= Task instructions =
Copy the lines below exactly. No picture goes into the copy.

= Information provided =
----------

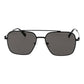 Replay Black Metal Sunglasses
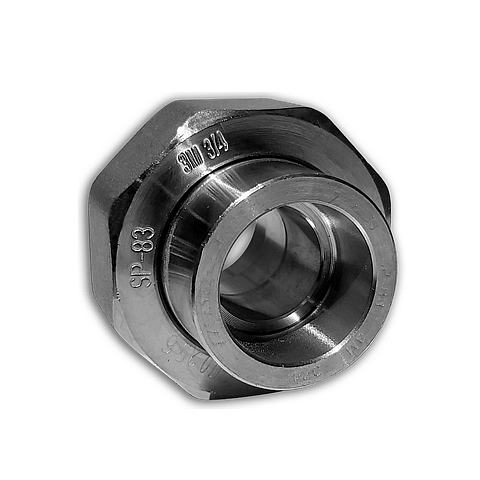 TUERCA UNION SOCKET WELD 3000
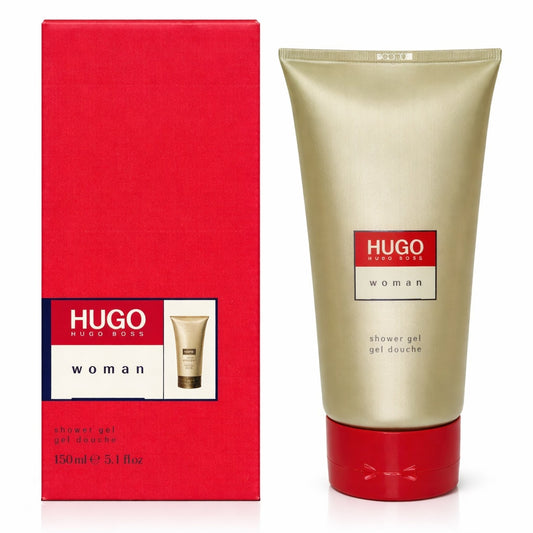 HUGO BOSS WOMAN SHOWER GEL / GEL DOUCHE  150 ML VINTAGE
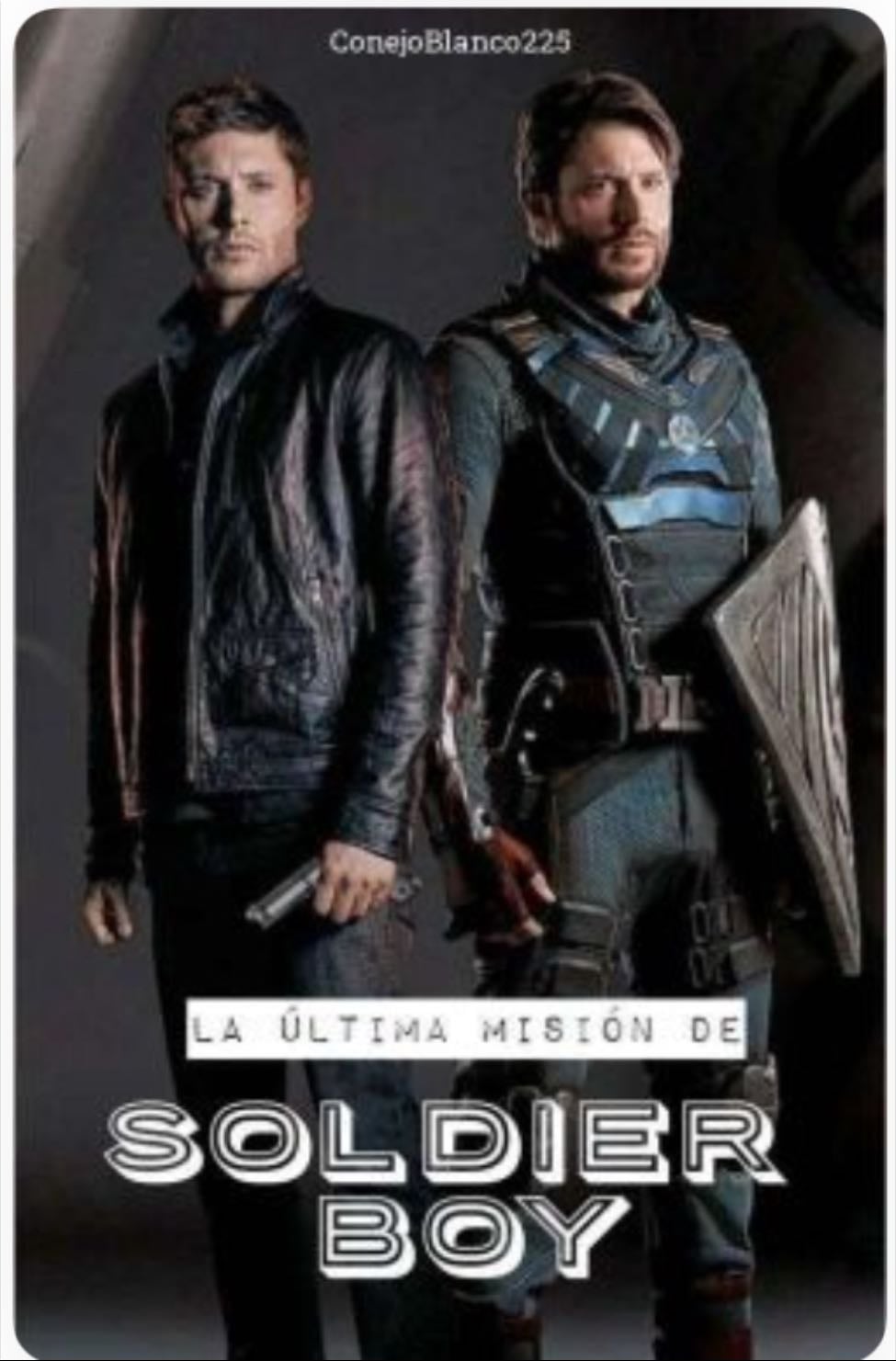 La última misión de soldier boy (Destiel) - Precuela: Enlace de almas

----------

= Problem solution =
 Replay Black Metal Sunglasses
 TUERCA UNION SOCKET WELD 3000
 HUGO BOSS WOMAN SHOWER GEL / GEL DOUCHE  150 ML VINTAGE
 La última misión de soldier boy (Destiel) - Precuela: Enlace de almas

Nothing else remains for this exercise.